To handle both traffic profiles simultaneously, here are two specific engineering challenges Vertex AI solved using GKE Inference Gateway.
1. Tuning multi-objective load balancing
A standard round-robin load balancer doesn’t know which GPU holds the cached KV pairs for a specific prompt. This is particularly inefficient for ‘context-heavy’ workloads, where a cache miss means re-processing massive inputs from scratch. However, routing strictly for cache affinity can be dangerous; if everyone requests the same popular document, you create a node that gets overwhelmed while others sit idle.
The solution: Multi-objective tuning in GKE Inference Gateway uses a configurable scorer that balances conflicting signals. During the rollout of their new chat model, we here on the Vertex team tuned the weights for prefix:queue:kv-utilization.
By shifting the ratio from a default 3:3:2 to 3:5:2 (prioritizing queue depth slightly higher), we forced the scheduler to bypass “hot” nodes even if they had a cache hit. This configuration change immediately smoothed out traffic distribution while maintaining the high efficiency—doubling our prefix cache hit rate from 35% to 70%.

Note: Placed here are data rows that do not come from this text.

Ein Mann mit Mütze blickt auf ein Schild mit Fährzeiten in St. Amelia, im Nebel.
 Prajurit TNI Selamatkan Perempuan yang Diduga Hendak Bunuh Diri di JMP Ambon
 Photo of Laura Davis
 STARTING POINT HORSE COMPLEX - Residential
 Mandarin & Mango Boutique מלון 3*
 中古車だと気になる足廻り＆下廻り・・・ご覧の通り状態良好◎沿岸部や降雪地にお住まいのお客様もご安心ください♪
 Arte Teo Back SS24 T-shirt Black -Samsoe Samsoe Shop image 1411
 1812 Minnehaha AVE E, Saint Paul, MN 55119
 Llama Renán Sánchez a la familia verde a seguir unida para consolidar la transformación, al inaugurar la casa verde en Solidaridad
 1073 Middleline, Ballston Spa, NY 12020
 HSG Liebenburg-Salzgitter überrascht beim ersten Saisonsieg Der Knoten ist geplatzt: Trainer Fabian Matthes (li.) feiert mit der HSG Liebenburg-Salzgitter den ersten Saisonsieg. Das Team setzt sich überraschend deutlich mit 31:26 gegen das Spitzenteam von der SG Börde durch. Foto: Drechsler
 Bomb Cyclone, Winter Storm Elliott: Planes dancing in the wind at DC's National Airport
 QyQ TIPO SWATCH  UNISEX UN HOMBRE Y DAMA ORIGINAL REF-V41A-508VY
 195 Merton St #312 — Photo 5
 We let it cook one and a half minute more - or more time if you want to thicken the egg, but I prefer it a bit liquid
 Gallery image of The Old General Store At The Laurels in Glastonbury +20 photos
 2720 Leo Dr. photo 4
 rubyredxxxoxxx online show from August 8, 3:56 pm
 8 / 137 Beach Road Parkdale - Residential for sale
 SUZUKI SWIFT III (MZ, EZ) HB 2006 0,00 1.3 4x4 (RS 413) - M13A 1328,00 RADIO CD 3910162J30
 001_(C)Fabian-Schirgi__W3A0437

2. Managing queue depth for bursty traffic
Inference platforms often struggle with variable load, especially from sudden concurrent bursts. Without protection, these requests can saturate a model server, leading to resource contention that affects everyone in the queue.
The solution: Instead of letting these requests hit the model server directly, GKE Inference Gateway enforces admission control at the ingress layer. By managing the queue upstream, the system ensures that individual pods are never resource-starved.
The data proves the value: while median latency remained stable, the P95 latency improvement of 52% shows that the gateway successfully absorbed the variance that typically plagues AI applications during heavy load.
What this means for platform builders
Here’s our lesson: you don’t need to reinvent the scheduler.
Instead of maintaining custom infrastructure, you can use the GKE Inference Gateway. This gives you access to a scheduler proven by Google’s own internal workloads, ensuring you have robust protection against saturation without the maintenance overhead.